Le but "c'est d'informer les femmes, qui ne savent pas bien comment l'IVG va se passer", assurait à l’AFP en janvier Marie Philippe, responsable de ces deux sites. Mais la plupart des témoignages rapportés sont négatifs, y compris ceux de la rubrique "J’ai bien vécu l’IVG". On peut ainsi y lire une certaine Mélissa expliquer: "J'ai culpabilisé un bon moment, j'ai déprimé et j'ai eu des idées morbides".

Il y a aussi le témoignage de Jeanne: "Même si tout semble correct au niveau gynéco, je ne ressens plus de désir... ma libido ne fonctionne plus". Ou encore dans le long témoignage de Laetitia, des phrases de détresse ont été soulignées en gras comme: "Je me sens mal d'avoir tué mon tout premier bébé".

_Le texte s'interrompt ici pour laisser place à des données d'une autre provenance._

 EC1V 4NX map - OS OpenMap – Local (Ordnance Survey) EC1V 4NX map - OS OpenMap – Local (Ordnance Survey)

Les sites "EcouteIVG.org" ou "SOSbébé" ont eux aussi une apparente neutralité. Le premier explique que le réseau "Ecoute IVG" est une "association nationale d'écoute, d'aide, d'informations et de soutien pour toute femme et tout homme touché par l'avortement". Mais ces deux sites sont proches d'Alliance Vita, une association "pro-vie".

Wikipedia, Doctissimo et la désinformation

Le Haut conseil à l’égalité entre les femmes et les hommes avait remis un rapport en septembre pointant la visibilité de ces sites Internet anti-IVG mais aussi, plus généralement, la mobilisation militante en ligne. Il dénonce ainsi la définition de l’avortement sur Wikipedia, qui est la première réponse sur Google à la requête "avortement".

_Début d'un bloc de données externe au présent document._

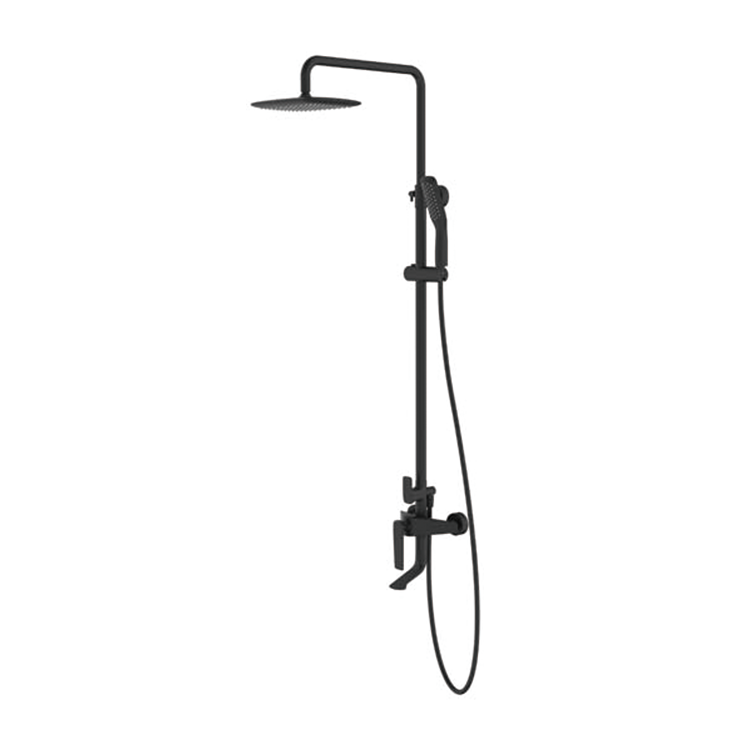 Fashion Design Matte Black Brass Mixers Bathroom Rainfall Shower Set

L’avortement y était encore défini lors de l'écriture de cet article comme "l'interruption avant son terme du processus de gestation, c'est-à-dire du développement qui commence à la conception par la fécondation d'un ovule par un spermatozoïde formant ainsi un œuf, qui se poursuit par la croissance de l'embryon, puis du fœtus, et qui s'achève normalement à terme par la naissance d'un nouvel individu de l'espèce". "Cette vision culpabilisante de l’avortement attaque la légitimité qu’a toute femme", dénonce le rapport.

Le rapport s’inquiète aussi du risque de désinformation sur Doctissimo.fr, là aussi en tête des résultats des moteurs de recherche. "La tendance principale qui ressort est la peur de l'IVG. Doctissimo est donc un moyen facile pour les anti-choix d'atteindre les femmes", explique-t-il.

La riposte du gouvernement

Ce rapport recommandait ainsi de "créer un site internet institutionnel dédié à l’avortement à destination des femmes et des professionnels", ce que le gouvernement fait en lançant le site www.ivg.gouv.fr.

Véronique Séhier, co-présidente du Planning familial, a participé à la rédaction de ce rapport. Elle explique à BFMTV.com que les femmes qui arrivent au Planning ont souvent pour premier réflexe de s’informer sur Internet. Et elles ont souvent surfé sur ces sites où les "traumatismes de l’IVG et les conséquences négatives sont mises en avant". Il importe pour elle d'en "parler autrement" et de faire remonter "une information positive".

Interrogé par BFMTV.com, le ministère de la Santé n’a pas prévu pour l’instant d’acheter des mots-clefs sur les moteurs de recherche, une arme pourtant utilisée par les anti-avortement pour être aussi bien référencés.

Le lancement de ce site avait déjà été évoqué en janvier dernier par la ministre Najat Vallaud-Belkacem. Elle envisageait aussi d'accompagner la riposte face aux numéros verts des anti-IVG par un numéro de téléphone unique, qui n'a pas encore vu le jour.